INSTRUCTIONS FOR THE TASK: Exact reproduction, images excluded: write out the records below.

Top of SUPPLIED RECORDS

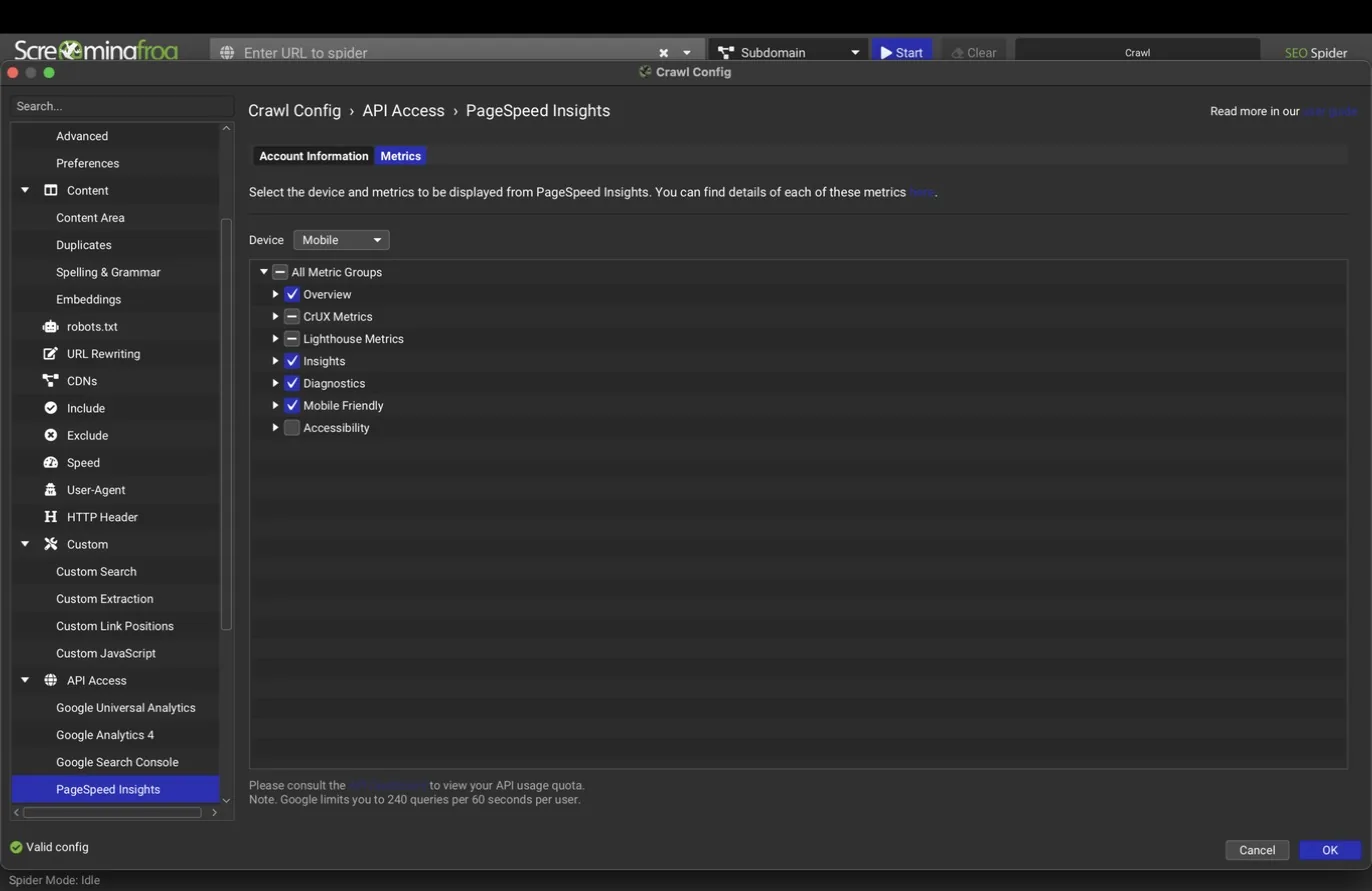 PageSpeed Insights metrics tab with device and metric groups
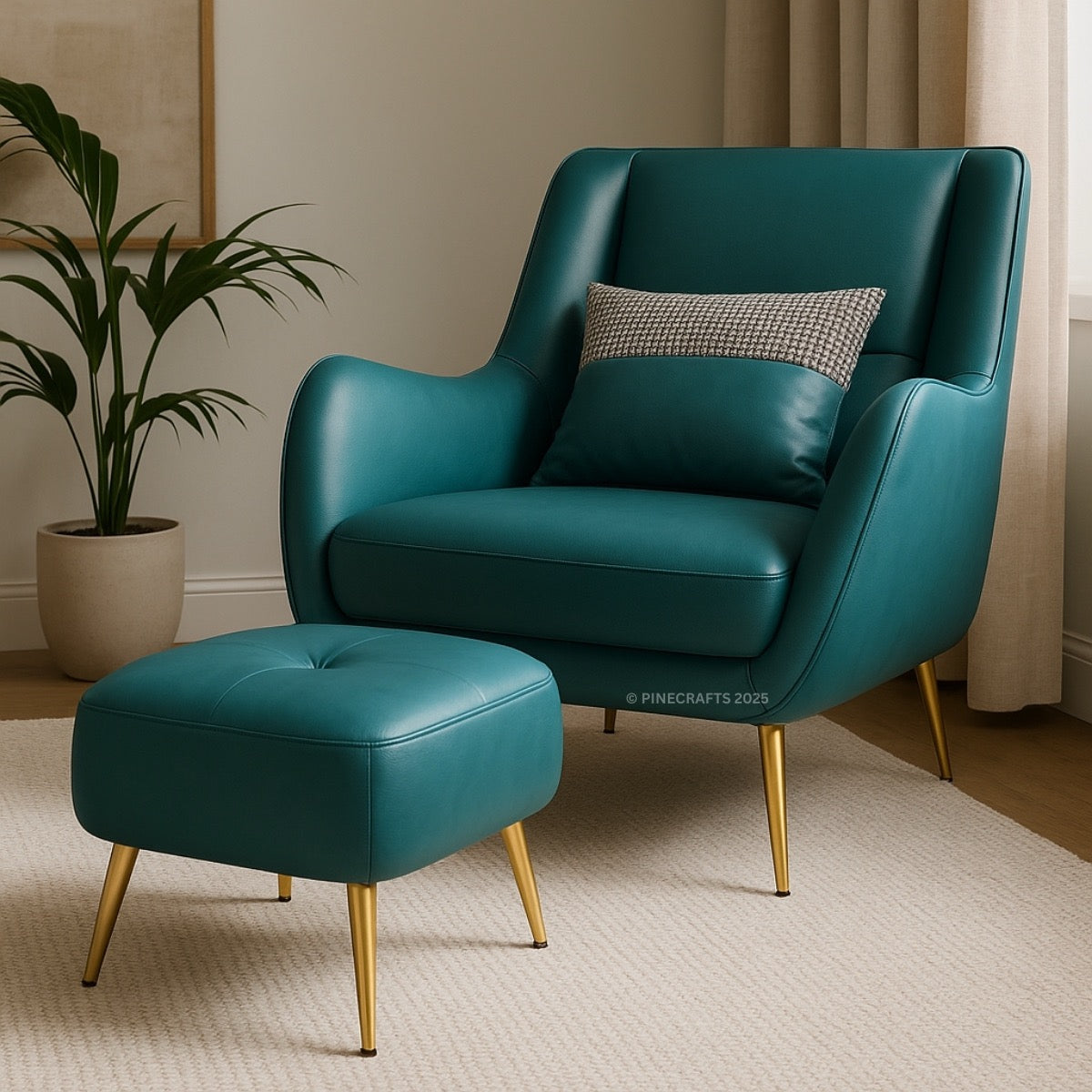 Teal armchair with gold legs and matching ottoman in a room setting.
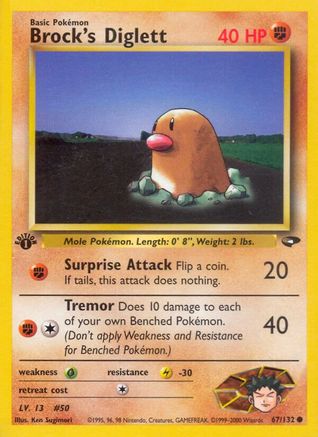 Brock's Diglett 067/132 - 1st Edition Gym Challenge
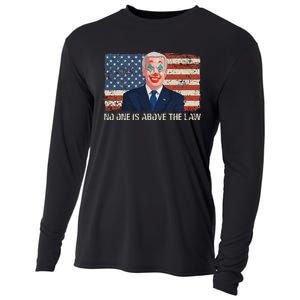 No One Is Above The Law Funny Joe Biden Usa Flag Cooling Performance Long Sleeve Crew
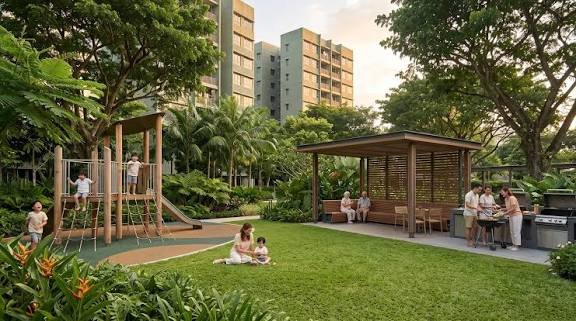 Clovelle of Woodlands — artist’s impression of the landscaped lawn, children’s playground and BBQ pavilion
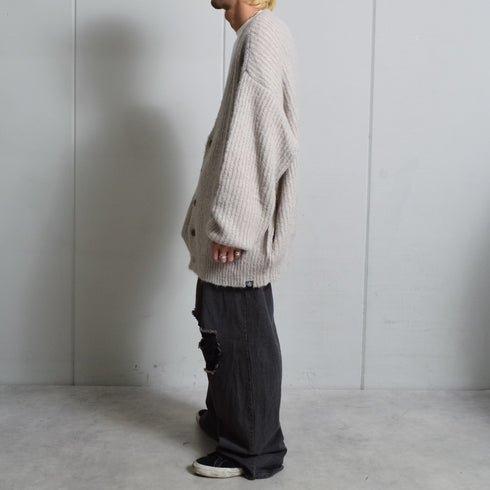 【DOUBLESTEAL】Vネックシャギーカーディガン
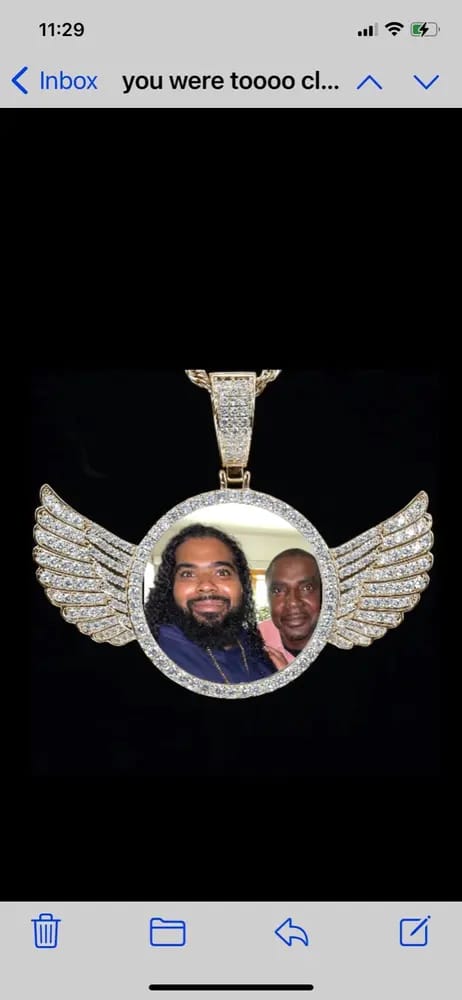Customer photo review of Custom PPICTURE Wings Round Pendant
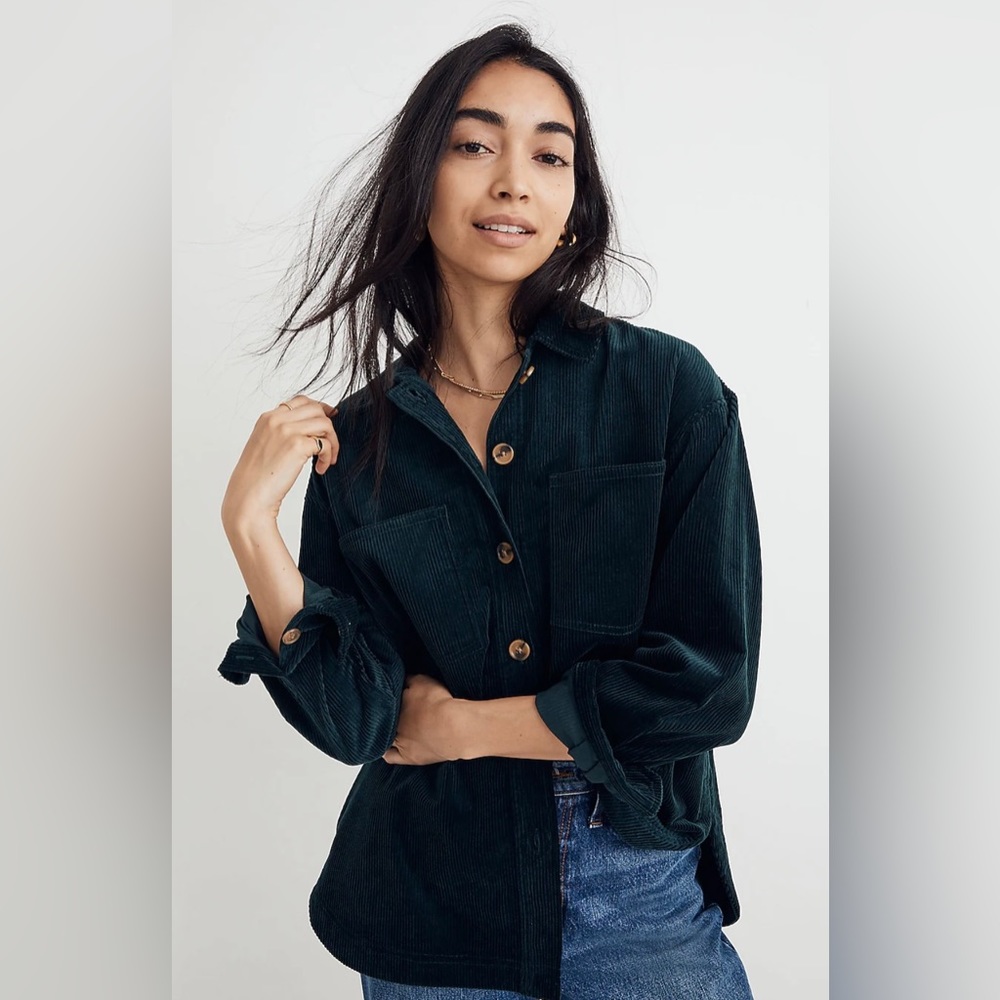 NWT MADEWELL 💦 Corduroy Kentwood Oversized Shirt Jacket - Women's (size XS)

Bottom of SUPPLIED RECORDS

REPLY:
 PageSpeed Insights metrics tab with device and metric groups
 Teal armchair with gold legs and matching ottoman in a room setting.
 Brock's Diglett 067/132 - 1st Edition Gym Challenge
 No One Is Above The Law Funny Joe Biden Usa Flag Cooling Performance Long Sleeve Crew
 Clovelle of Woodlands — artist’s impression of the landscaped lawn, children’s playground and BBQ pavilion
 【DOUBLESTEAL】Vネックシャギーカーディガン
Customer photo review of Custom PPICTURE Wings Round Pendant
 NWT MADEWELL 💦 Corduroy Kentwood Oversized Shirt Jacket - Women's (size XS)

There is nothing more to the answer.